### Data supplied
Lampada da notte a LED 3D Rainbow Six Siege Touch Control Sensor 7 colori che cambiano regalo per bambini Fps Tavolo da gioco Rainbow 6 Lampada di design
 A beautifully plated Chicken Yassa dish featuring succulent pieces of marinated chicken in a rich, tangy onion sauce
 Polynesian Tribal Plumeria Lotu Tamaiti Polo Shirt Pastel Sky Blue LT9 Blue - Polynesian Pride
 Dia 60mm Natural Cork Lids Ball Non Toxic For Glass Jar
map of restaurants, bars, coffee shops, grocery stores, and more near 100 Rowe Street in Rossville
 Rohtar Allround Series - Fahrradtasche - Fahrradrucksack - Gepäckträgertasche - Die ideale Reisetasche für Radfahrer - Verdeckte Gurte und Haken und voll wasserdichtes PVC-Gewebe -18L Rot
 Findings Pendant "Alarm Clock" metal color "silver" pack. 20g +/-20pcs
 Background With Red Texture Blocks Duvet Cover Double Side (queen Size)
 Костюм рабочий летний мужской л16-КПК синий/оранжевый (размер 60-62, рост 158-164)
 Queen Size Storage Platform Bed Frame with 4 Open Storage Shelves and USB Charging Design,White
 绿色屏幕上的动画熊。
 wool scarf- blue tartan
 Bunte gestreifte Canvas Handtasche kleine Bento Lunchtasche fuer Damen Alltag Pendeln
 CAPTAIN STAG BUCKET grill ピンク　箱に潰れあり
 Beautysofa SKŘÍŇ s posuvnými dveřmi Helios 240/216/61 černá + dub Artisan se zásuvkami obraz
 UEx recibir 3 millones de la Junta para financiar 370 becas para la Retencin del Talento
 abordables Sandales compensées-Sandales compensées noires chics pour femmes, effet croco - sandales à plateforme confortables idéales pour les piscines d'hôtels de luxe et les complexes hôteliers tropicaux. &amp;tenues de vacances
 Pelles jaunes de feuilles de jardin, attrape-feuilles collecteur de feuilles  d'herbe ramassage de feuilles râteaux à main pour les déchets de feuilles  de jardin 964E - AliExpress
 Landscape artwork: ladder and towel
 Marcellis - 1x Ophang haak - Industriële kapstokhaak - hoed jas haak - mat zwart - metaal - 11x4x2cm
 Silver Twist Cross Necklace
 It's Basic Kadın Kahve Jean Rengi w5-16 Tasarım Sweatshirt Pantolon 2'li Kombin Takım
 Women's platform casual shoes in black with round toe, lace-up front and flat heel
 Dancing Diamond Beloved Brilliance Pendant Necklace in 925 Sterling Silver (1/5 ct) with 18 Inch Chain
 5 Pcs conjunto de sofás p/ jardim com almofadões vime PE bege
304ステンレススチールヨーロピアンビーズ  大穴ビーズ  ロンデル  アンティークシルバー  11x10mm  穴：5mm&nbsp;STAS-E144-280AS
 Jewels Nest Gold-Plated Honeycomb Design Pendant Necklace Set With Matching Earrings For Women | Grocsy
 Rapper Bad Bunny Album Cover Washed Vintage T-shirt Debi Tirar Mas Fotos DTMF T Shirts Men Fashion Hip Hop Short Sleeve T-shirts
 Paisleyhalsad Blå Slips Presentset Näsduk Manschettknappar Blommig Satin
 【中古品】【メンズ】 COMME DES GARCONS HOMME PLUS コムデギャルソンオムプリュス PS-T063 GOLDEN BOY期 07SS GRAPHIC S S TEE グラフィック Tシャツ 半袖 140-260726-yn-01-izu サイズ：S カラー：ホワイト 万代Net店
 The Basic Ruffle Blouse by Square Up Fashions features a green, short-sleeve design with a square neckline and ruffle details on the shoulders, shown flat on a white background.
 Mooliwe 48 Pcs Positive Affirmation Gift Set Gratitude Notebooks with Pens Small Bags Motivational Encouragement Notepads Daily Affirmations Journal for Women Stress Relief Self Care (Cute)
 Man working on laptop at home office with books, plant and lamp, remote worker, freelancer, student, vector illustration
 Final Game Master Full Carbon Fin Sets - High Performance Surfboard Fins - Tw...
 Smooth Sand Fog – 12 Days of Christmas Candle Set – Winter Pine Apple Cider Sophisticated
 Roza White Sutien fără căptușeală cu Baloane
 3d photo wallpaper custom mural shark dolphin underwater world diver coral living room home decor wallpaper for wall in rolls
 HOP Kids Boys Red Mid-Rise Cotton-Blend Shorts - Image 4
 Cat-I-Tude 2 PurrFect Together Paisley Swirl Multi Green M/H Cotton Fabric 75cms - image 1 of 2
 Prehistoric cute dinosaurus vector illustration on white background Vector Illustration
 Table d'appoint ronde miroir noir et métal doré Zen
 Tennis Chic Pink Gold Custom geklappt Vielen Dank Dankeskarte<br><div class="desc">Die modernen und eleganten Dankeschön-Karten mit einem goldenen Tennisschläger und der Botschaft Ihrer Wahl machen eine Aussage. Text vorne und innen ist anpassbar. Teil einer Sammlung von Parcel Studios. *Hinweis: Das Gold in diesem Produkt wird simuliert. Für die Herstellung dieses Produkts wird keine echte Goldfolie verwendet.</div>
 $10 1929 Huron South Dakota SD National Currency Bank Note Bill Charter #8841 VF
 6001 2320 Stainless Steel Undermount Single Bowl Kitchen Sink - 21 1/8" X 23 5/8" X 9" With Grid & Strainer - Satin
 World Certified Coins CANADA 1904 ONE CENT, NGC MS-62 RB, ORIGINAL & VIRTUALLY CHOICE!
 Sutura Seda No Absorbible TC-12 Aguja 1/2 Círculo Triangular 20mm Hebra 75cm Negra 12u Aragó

### What the task requires
Every line holding the word "vector" should be copied out of the records above.

### Exercise answer
 Man working on laptop at home office with books, plant and lamp, remote worker, freelancer, student, vector illustration
 Prehistoric cute dinosaurus vector illustration on white background Vector Illustration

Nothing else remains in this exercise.